Tagged: “Barriers to Forgiveness”
If teachers of elementary school children teach forgiveness education and then the child goes home to parents who discourage forgiveness, what is your opinion of the effectiveness of the school-based instruction?
It is difficult to know the answer to this because each situation will be different. Yet, it seems to me that if forgiveness education is consistent across years in school, the student will have a chance to understand accurately what forgiveness is and is not. The children then have the opportunity to choose forgiveness for themselves as they see the norm in school that forgiveness is worthwhile.
Do you think that forgiveness is something that should be taught formally in schools?
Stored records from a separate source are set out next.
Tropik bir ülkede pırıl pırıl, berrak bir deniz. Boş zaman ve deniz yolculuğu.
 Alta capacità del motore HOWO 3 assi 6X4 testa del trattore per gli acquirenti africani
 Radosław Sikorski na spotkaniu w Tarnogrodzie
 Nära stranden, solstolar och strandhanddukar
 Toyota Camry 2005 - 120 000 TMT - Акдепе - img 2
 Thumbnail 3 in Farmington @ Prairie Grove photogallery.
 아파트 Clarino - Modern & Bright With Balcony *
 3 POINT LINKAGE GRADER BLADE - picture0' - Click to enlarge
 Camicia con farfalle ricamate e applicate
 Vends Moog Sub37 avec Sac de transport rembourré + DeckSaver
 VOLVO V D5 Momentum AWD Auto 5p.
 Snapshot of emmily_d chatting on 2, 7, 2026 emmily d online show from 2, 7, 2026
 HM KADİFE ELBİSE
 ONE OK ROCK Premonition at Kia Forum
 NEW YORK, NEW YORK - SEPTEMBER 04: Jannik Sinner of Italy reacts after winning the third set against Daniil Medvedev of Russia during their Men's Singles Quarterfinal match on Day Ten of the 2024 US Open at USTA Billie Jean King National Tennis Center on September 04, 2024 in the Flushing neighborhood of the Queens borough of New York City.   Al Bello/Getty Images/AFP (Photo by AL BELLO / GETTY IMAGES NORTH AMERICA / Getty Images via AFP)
What is the purpose of education? Isn’t it to prepare children for adulthood? We prepare children to read. We prepare children to balance a checkbook. Why do we not prepare them for the injustices that likely will visit each child in adulthood? Yes, I do think we need forgiveness education in schools so that, when the students grow into adulthood and experience cruelty, sometimes unexpected and deep cruelty, we will have equipped them with how to recover from that through forgiveness, if the person now chooses forgiveness as a free will decision. Further, it would be important to teach the teamwork of forgiving and justice-seeking so that the child does not equate forgiving with giving in to the other’s unfairness.
How do you correct a child who equates forgiveness with revenge? I sometimes hear my son saying to his friend that they can be buddies again only if he can hit him back.
I think you need to first ask your son this: If you hit your friend, do you think he will feel pain? Then you need to ask this: “What is forgiveness? Is it gentle?” Try to get your son to see the large difference between causing pain and giving tenderness and love. Once your child sees this difference, he likely will abandon the idea that hitting is equated with forgiving.
If I forgive a narcissistic person, doesn’t that just give that person a free license to keep abusing me? Doesn’t this make forgiving toxic?
The issue here is not with forgiving itself but with a failure to see that as you forgive you can and should seek justice from the one who is hurting you. Forgive and ask something of the other person.
If others keep pressuring a person to forgive, doesn’t that make forgiving a bad thing?